═════ MATERIAL PROVIDED ═════

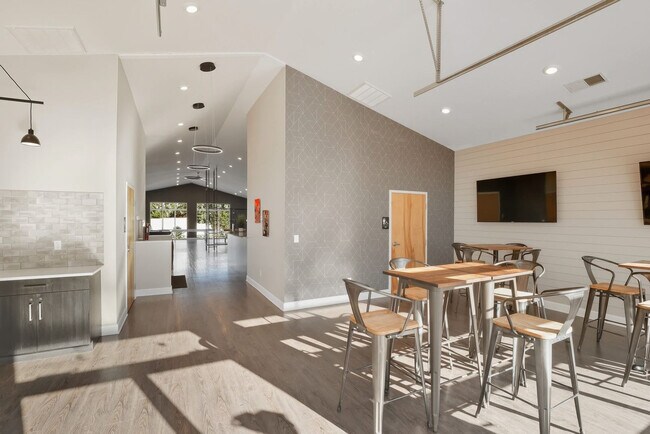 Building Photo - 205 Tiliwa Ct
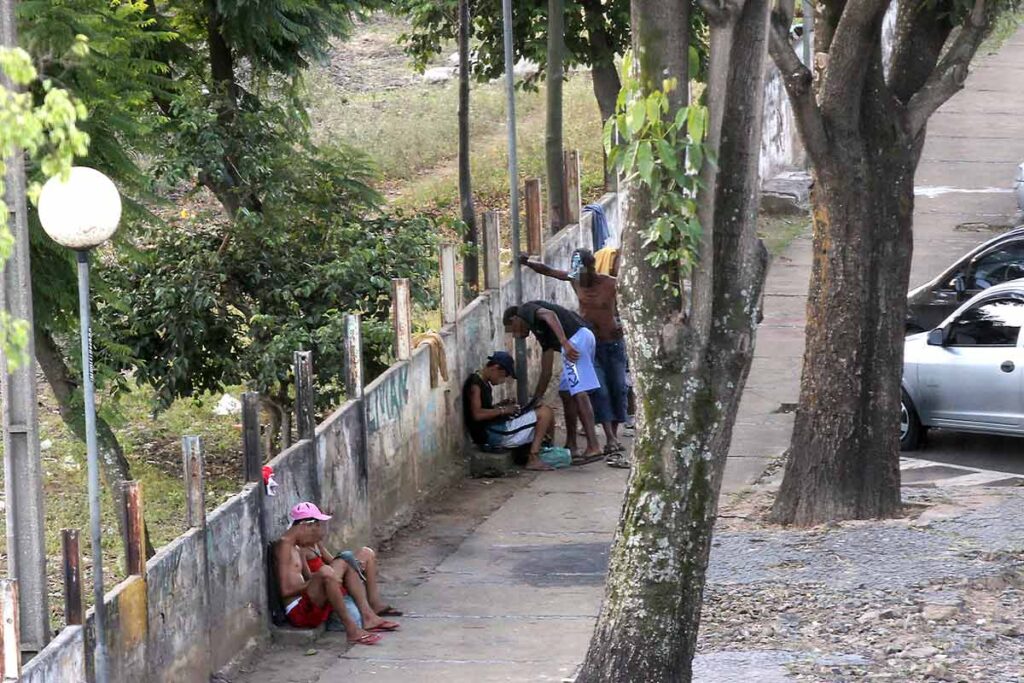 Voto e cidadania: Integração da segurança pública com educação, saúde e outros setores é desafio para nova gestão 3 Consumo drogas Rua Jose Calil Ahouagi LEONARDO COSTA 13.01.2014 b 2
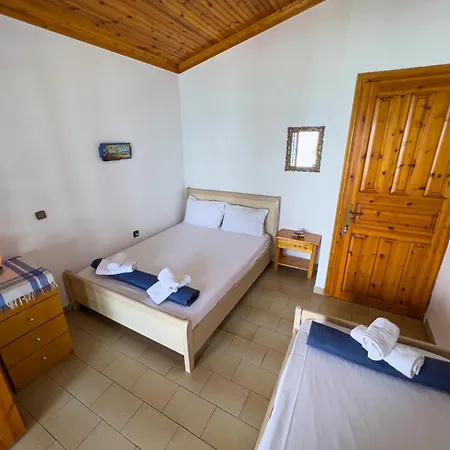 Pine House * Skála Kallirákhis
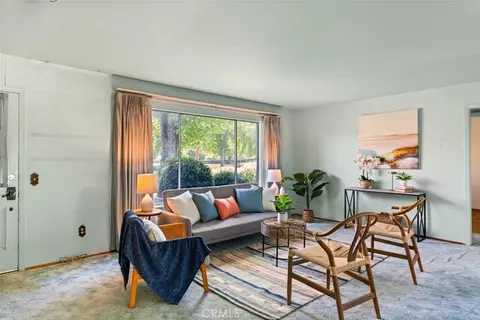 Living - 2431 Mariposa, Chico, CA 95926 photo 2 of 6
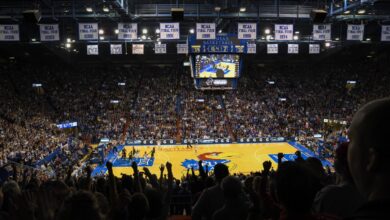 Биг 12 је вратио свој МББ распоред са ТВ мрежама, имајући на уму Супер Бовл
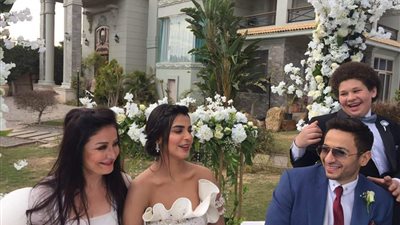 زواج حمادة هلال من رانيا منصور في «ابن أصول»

═════
═════ MATERIAL PROVIDED ═════

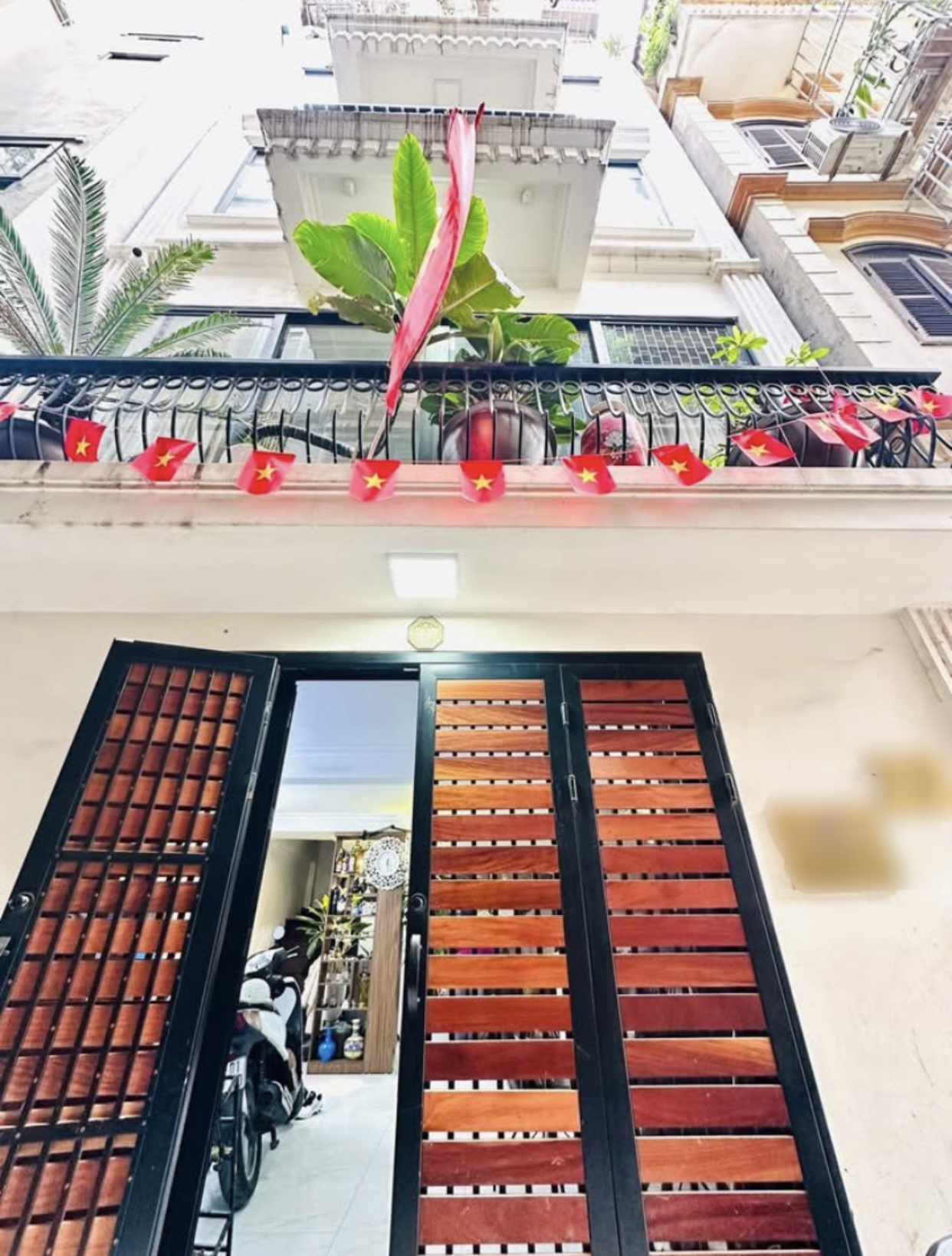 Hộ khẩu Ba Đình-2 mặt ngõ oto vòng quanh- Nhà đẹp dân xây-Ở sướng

═════

▶ **PROBLEM TO WORK ON**
Leave the pictures out, and transcribe exactly the lines above starting at the one that contains "Voto e cidadania: Integração" and ending at the one that contains "زواج حمادة هلال".

▶ **FINISHED EXERCISE**
 Voto e cidadania: Integração da segurança pública com educação, saúde e outros setores é desafio para nova gestão 3 Consumo drogas Rua Jose Calil Ahouagi LEONARDO COSTA 13.01.2014 b 2
 Pine House * Skála Kallirákhis
 Living - 2431 Mariposa, Chico, CA 95926 photo 2 of 6
 Биг 12 је вратио свој МББ распоред са ТВ мрежама, имајући на уму Супер Бовл
 زواج حمادة هلال من رانيا منصور في «ابن أصول»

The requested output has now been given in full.